Paul has rather brilliantly made his point by walking us through the implications of the Cross and the empty tomb and of Jesus and the Spirit and casting the story as a parallel to Israel’s deliverance and exodus from Egypt. Because we’re not as steeped in that story the way First Century Jews were, it’s easy for us to miss what Paul’s been up to at some points, but here in 8:17-30 the exodus theme really comes at us with full force. What God did for Israel at the Red Sea and what God did for Jesus on that first Easter morning, God will also do for all those who are now in the Messiah, and not only for them, but for his entire Creation. In our rebellion, we human beings have made a mess of God’s creation, we’ve introduced sin and its corrupting influence, but God has promised to make all things new. Paul’s point here is that he certainly will and the work of Jesus and the Spirit prove it.
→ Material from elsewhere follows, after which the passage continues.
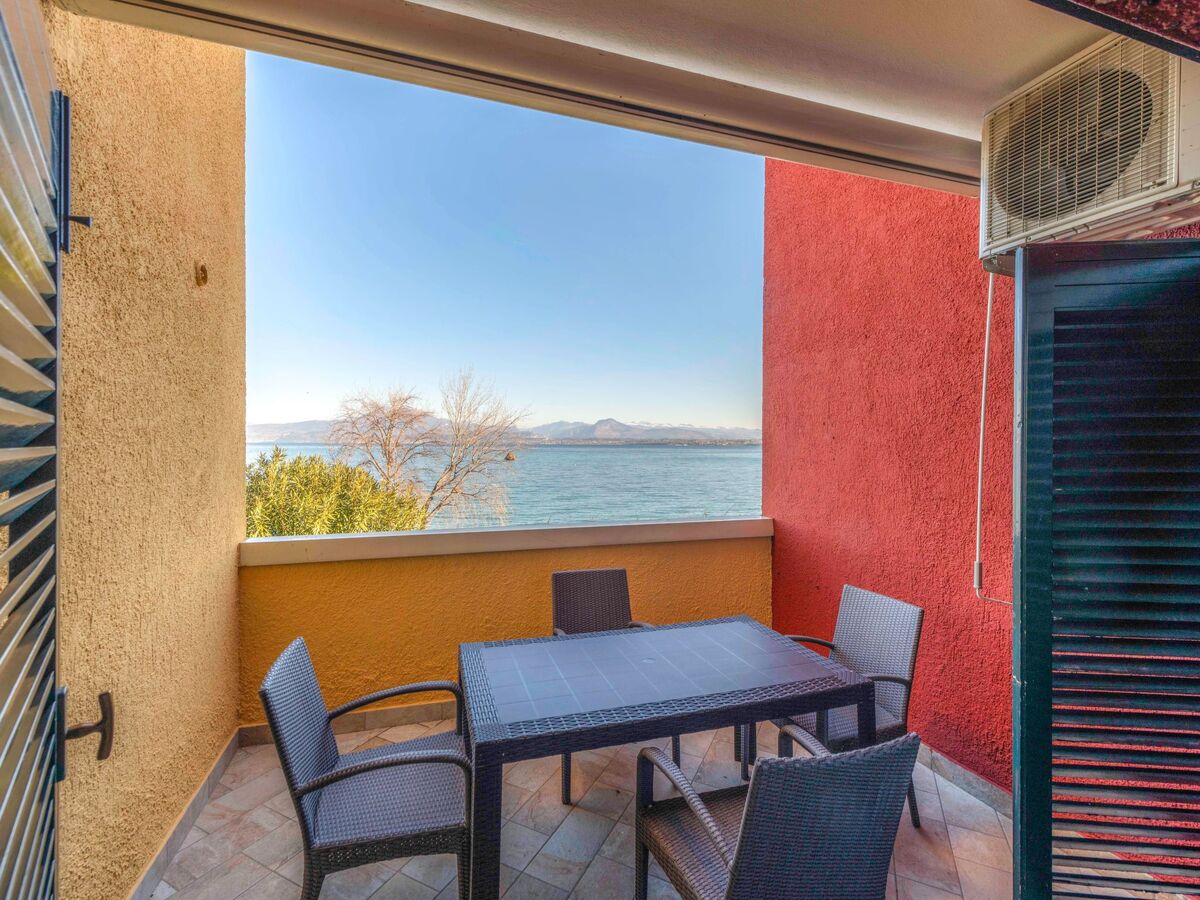 Appartement 5 pers. au bord du lac à Peschiera del Garda - Photo 1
And that means that if we are in Jesus the Messiah, if we’ve knelt before him in faith and in love as King, then no matter how bad things get, we have assurance and can live in hope, knowing that was he has begun, he will finish.
Oddly enough, however, Paul starts out talking about our assurance by bringing up the subject of debt. In Romans 8:12 he writes:
So then, brothers, we are debtors…
Debt’s not ordinarily a nice thing to think about. But think about the context here. Last week we heard Paul declare that there is no condemnation for those who are in Jesus the Messiah. Just as God freed Israel from her slavery and she had a debt or an obligation to live out in gratitude, so as Jesus has freed us from sin and death, we have a debt or an obligation to him—not a crushing debt like an underwater mortgage or something you owe to a guy who will break your kneecaps, but a debt born of gratitude for an action of love, mercy, and grace that has set us free and given us a new life. In Paul’s typical style, he starts a sentence here and then he cuts himself off because there’s something he has to say first to make sense of all this. He lets this statement hang out there: We are debtors… And then he says:
…but not to the flesh, to live according to the flesh.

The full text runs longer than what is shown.